Запомнилась та ночь Ивану. Порывами налетал ветер, иногда хлестал мелким дождем, шевелил соседние кусты, заставляя настораживаться: все казалось, что кто-то подкрадывается. Иногда вдалеке взлетали ракеты, чертили во тьме светящиеся дуги, и тогда оживали тени. И он стрелял по этим теням, не жалея патронов.
— Давай, давай! — подбадривал лейтенант. — Пускай не думают, что тут пусто.
И опять материл бросивших свою позицию татар, последними словами поминал национализм. Хотя при чем тут национализм, было непонятно Ивану. Думалось: просто сдрейфили татары. Или Родина для них — не дальше своего аула? Но ведь немец-то и к ним не с медом. Или по-другому? А если и так — не все ли равно? Фашиста бить надо, хоть бы он тебя и не тронул. С другими-то вон что творит. Тут уж заодно со всеми надо, по совести, по справедливости. А как иначе?..
Немцев они все-таки прозевали. Ракеты как раз погасли или что-то другое отвело глаза, только увидели бегущую цепь, когда она была уже совсем близко. Вдарили из двух пулеметов, схватились за гранаты. А больше Иван ничего не помнил. Очнулся в медсанбате. Кто-то сказал ему, что подоспевшие ребята выбили немцев из тех окопов. Лейтенанта нашли убитым, а его еле живым.
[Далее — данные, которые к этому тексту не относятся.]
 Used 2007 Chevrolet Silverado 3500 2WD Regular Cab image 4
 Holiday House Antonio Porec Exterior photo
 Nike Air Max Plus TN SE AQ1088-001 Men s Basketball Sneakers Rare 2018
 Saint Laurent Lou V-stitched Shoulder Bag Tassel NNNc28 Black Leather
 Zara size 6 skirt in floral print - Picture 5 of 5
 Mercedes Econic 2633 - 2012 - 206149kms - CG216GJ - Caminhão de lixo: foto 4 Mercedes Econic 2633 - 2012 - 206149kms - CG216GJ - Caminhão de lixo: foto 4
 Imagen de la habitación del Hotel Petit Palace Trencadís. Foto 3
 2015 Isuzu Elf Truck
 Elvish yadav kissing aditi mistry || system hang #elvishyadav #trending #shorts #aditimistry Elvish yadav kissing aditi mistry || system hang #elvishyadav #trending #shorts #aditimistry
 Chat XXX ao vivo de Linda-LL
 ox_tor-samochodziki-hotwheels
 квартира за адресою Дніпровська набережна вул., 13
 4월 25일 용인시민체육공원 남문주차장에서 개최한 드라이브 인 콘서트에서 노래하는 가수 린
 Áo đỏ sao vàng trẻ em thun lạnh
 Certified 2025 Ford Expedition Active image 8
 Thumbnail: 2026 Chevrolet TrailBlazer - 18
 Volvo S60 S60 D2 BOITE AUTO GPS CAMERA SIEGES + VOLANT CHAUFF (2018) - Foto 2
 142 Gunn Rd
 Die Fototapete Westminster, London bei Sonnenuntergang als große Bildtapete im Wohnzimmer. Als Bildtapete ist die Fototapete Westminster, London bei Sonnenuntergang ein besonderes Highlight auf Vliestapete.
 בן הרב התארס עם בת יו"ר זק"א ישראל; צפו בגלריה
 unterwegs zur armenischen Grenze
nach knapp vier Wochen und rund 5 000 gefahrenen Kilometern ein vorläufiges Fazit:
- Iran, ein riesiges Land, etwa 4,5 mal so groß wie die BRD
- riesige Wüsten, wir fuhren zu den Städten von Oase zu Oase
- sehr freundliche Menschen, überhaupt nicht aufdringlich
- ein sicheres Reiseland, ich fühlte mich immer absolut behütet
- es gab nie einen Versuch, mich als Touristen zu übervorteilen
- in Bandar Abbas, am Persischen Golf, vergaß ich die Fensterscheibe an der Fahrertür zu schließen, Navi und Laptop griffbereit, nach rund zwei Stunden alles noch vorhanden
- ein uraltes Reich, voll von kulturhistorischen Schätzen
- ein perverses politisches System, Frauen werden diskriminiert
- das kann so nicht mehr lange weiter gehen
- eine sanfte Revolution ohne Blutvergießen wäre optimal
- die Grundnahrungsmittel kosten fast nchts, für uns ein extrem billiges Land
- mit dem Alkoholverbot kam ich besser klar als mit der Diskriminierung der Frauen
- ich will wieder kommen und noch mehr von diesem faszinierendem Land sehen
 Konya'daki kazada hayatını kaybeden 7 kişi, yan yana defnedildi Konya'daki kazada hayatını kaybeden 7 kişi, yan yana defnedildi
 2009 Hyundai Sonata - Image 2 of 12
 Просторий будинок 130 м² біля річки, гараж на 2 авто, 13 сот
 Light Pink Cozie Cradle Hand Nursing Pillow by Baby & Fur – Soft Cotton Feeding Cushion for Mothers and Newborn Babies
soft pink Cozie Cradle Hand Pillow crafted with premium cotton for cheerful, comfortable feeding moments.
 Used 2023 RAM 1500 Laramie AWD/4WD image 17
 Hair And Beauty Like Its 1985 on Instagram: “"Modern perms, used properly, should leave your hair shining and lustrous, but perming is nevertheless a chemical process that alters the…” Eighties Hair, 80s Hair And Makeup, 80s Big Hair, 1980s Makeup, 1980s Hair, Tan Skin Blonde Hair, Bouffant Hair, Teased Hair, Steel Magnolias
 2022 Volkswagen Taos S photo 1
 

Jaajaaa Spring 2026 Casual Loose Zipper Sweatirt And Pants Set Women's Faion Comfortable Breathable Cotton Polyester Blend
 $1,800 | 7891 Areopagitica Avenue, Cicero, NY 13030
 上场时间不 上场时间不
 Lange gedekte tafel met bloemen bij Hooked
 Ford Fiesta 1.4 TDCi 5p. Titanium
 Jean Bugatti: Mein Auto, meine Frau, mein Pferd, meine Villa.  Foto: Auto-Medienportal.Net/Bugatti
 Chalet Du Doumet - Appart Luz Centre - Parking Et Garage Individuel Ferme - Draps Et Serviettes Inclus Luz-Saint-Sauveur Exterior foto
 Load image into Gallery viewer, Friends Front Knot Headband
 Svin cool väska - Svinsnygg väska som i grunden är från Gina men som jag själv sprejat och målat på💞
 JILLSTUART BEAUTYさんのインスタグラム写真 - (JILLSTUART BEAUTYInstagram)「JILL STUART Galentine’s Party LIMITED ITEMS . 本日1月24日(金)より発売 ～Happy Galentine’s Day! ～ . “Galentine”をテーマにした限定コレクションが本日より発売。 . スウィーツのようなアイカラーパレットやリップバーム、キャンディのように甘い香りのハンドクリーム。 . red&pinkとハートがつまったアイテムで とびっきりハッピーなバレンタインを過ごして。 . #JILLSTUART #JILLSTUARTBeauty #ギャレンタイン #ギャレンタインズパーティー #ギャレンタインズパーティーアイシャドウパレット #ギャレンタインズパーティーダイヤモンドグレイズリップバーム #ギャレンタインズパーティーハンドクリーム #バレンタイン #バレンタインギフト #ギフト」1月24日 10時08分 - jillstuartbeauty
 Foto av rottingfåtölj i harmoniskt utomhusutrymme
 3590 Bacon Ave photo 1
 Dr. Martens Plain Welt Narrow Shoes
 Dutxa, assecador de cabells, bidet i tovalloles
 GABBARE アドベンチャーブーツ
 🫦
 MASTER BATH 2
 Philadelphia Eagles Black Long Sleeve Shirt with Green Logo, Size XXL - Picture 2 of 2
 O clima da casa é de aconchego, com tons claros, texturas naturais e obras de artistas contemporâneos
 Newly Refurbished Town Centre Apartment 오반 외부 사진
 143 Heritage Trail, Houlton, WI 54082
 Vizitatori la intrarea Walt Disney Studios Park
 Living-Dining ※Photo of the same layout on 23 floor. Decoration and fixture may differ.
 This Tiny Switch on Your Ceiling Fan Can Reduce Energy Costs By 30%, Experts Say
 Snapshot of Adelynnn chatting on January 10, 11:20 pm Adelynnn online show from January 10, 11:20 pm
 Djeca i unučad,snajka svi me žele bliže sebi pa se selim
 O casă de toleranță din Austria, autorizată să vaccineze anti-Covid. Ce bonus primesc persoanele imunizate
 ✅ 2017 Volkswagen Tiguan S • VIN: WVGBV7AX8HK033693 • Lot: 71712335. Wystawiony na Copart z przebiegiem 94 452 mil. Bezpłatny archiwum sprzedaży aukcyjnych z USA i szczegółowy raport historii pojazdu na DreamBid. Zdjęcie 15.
Потом было долгое лечение на Кавказе, потом страшный переход морем обратно, в Севастополь, когда он, Иван Козлов, чуть не утонул. Много чего было. И никогда, никто и нигде не делился по национальностям. Национализм виделся ему вроде как болезнью, забавой мирного времени, а на войне — свой так свой, враг так враг. В госпитале, прежде чем лечить, не спрашивали, кто какой национальности. И он не спрашивал, когда в море спасал людей.
Впервые столкнулся он с национальными странностями тогда, в брошенных татарских окопах. А потом, в госпиталях, много думал об этом. Сколько ведь жил, а понятия не имел о национализме. Люди — и весь сказ. Ну, еще с детства долдонили — богатые да бедные. Ну, еще ежели пьяные или трезвые, злые или добрые, болтуны или молчуны… А что национальное? С чем его едят-кушают? Язык? Так можно и по-чужому выучиться… Нет, не слыхал он до войны ни о чем этаком…
Лежа на холодном камне, вглядываясь в светлеющую даль, а больше вслушиваясь в то, что близко, поскольку вдали целый вражеский батальон не так опасен, как один-единственный солдат, забредший в горы. Иван все возвращался мыслями к тем дезертировавшим татарам. И вспоминались ему давние рассказы о деревенском дурачке, который хвалился тем, что у него пуп на вершок выше, чем у всех других. Дурачок, он дурачок и есть какой с него спрос? А эти-то? Не могут же все в одночасье ослепнуть да очуметь? А может, могут? Или кому-то надо, чтобы все стали дураками? Дураку ведь что зверь, что человек — все едино; автомат Для него — игрушка, мать родную поставь — застрелит… Вот, значит, что такое национализм, вроде зелья — кто-то пьет, а кто-то опаивает. Люди — что? Каждому хочется выскочить из самого себя, стать не хуже других. А легко ли это? А тут приходит некто, говорит: нечего тебе стараться-пыжиться, ты от рождения лучше других. Дурачок-то и радешенек…
Иван вздохнул, перевалился на другой бок, поскольку совсем застыл на голом камне. Но мысли прогонять не стал: на стреме глаза сторожа, да уши — они бы не заленились, — а мысли что, мысли сами по себе.